■ **Activity**
In the entries that follow, repeat exactly the lines from the one that has "-丹水桥地锅鱼·翘嘴鲌·地方特色全鱼宴(丹江口大坝店)" through the one that has "Postel nebo postele", but omit pictures.

■ **Data in this exercise**
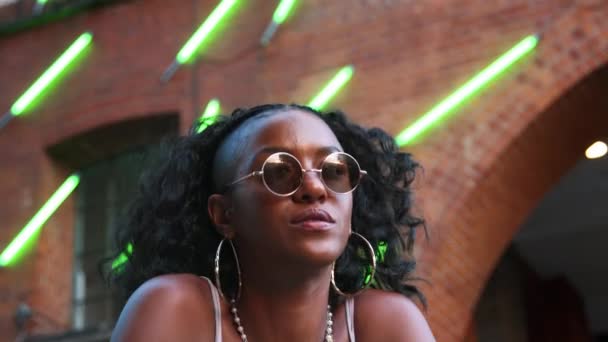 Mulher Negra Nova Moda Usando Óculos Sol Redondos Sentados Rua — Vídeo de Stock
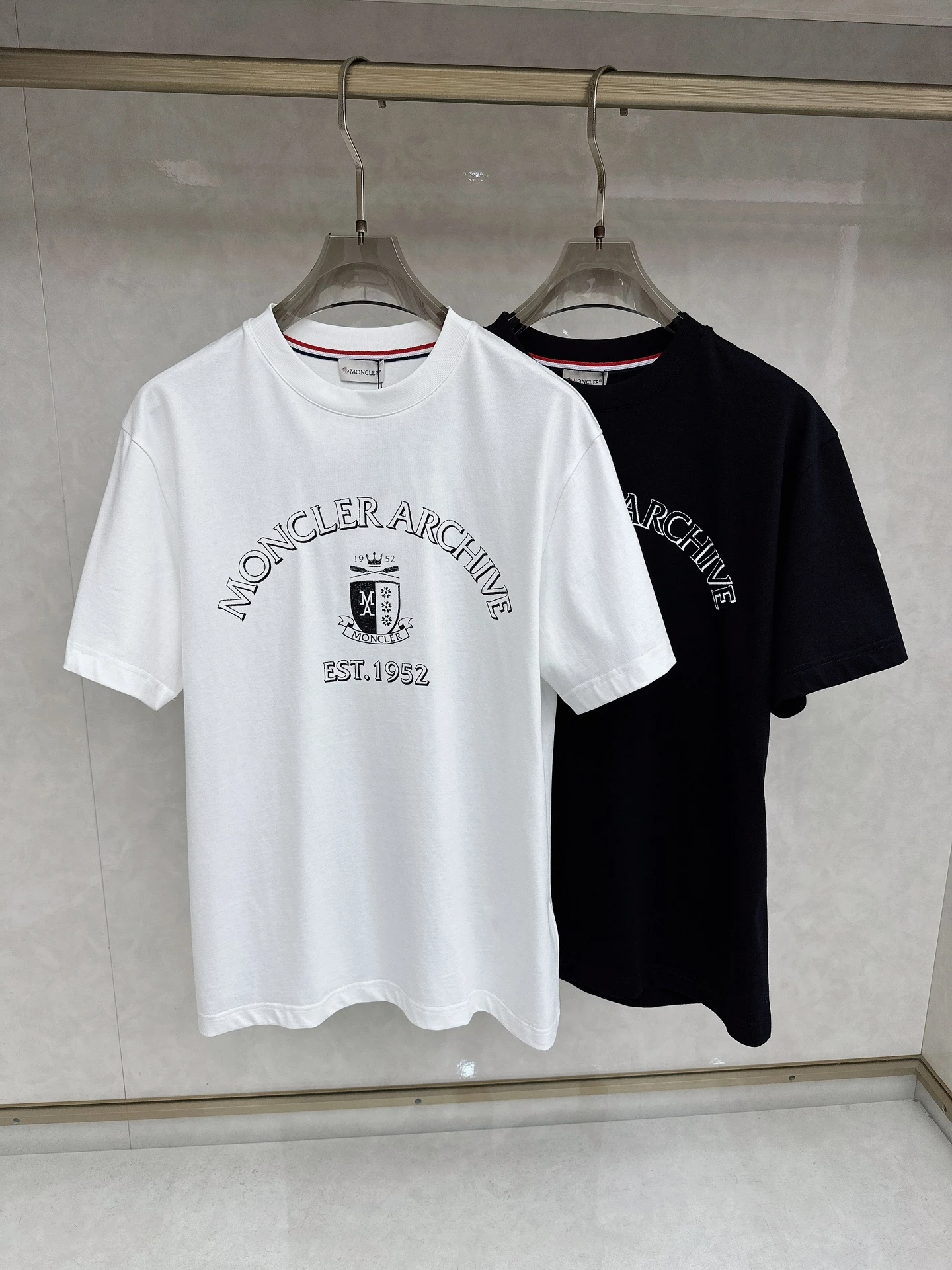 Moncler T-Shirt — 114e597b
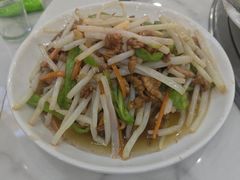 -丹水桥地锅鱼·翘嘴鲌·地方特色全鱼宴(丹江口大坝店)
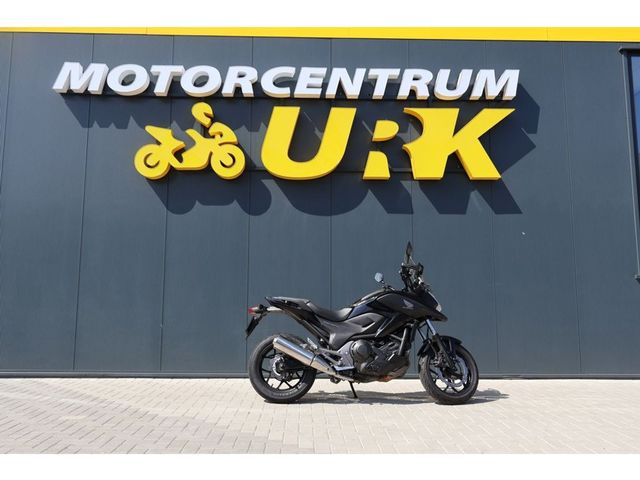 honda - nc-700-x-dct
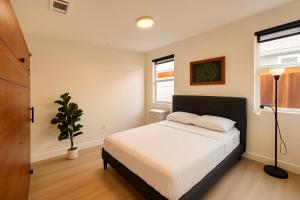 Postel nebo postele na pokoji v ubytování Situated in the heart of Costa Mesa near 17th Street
--
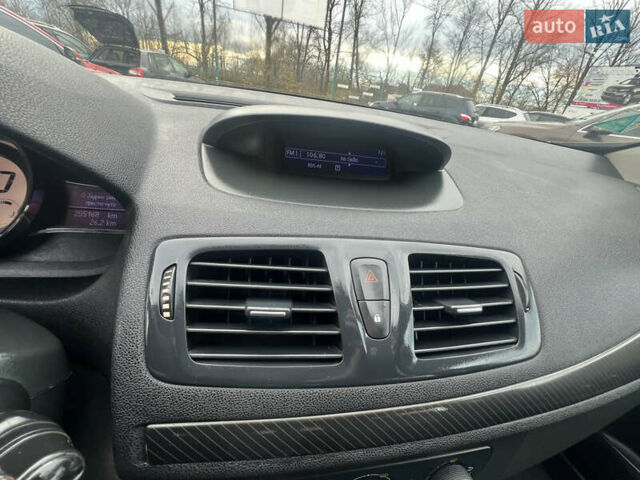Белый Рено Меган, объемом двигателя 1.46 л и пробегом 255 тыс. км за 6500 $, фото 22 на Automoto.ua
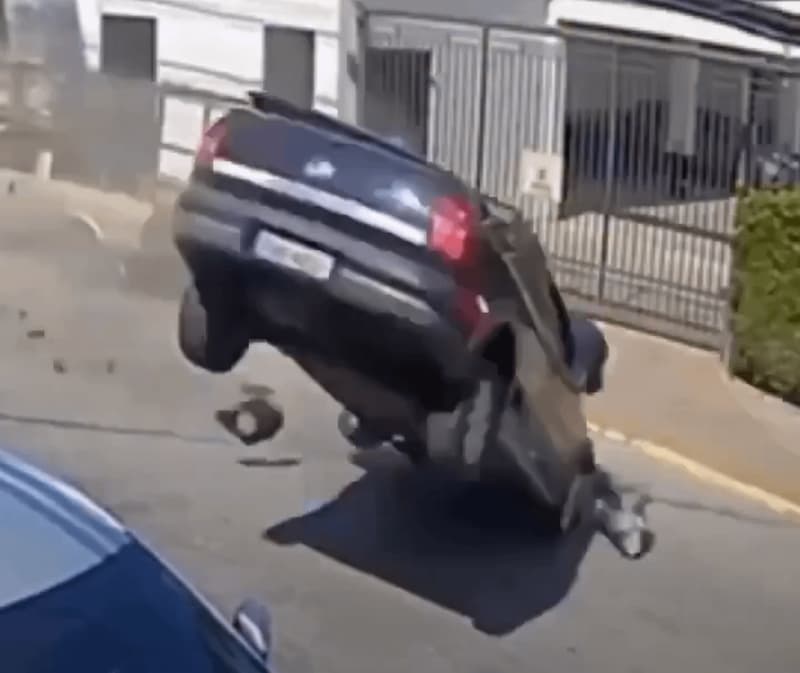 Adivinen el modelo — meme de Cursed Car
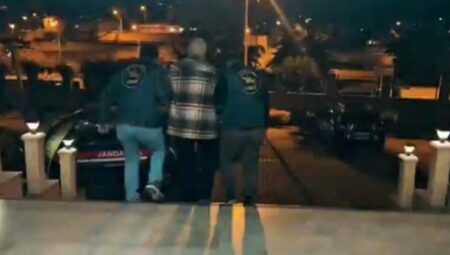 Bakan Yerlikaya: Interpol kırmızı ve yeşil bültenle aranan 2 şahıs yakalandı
...
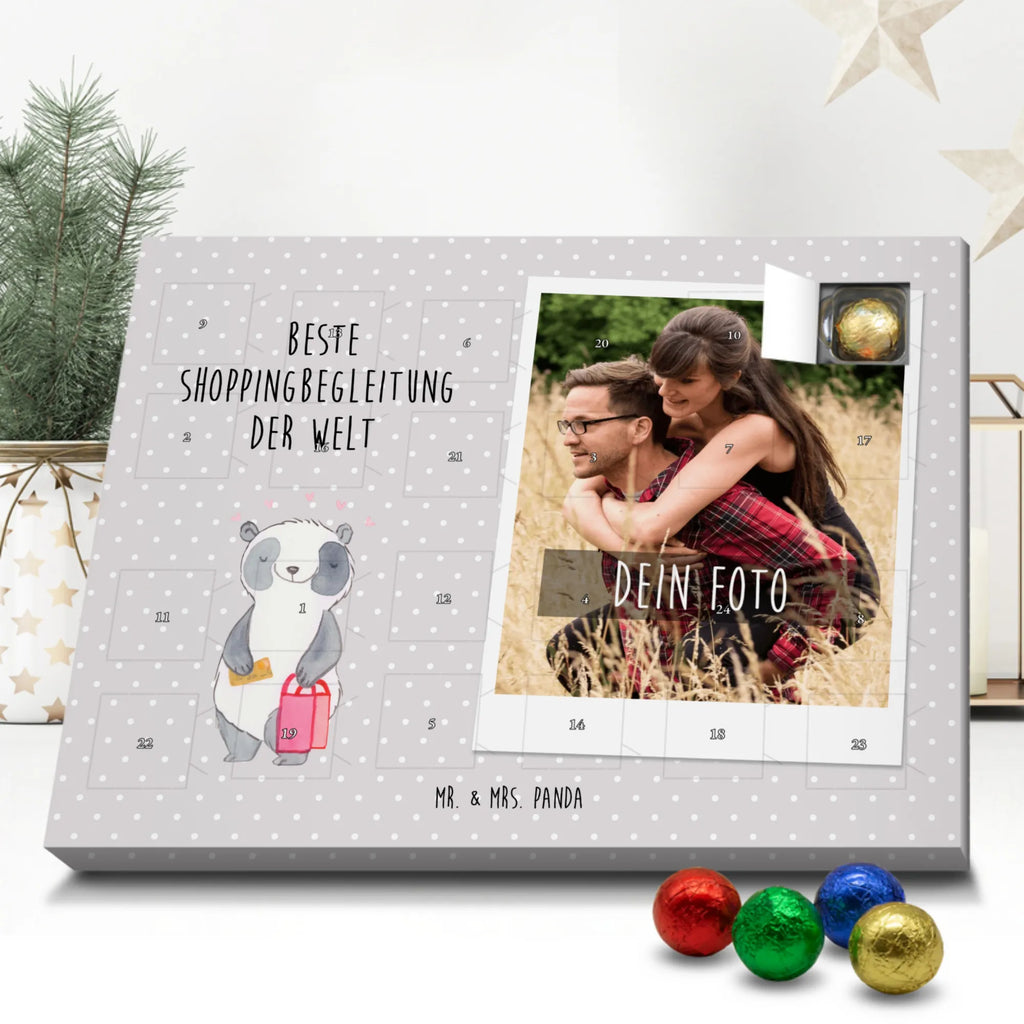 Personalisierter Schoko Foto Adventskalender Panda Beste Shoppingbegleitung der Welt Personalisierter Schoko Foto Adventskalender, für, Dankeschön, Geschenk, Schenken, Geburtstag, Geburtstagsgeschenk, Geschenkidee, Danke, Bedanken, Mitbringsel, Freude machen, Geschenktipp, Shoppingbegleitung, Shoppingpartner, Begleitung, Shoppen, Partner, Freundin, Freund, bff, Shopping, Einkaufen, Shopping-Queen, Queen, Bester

■ **Task output**
 -丹水桥地锅鱼·翘嘴鲌·地方特色全鱼宴(丹江口大坝店)
 honda - nc-700-x-dct
 Postel nebo postele na pokoji v ubytování Situated in the heart of Costa Mesa near 17th Street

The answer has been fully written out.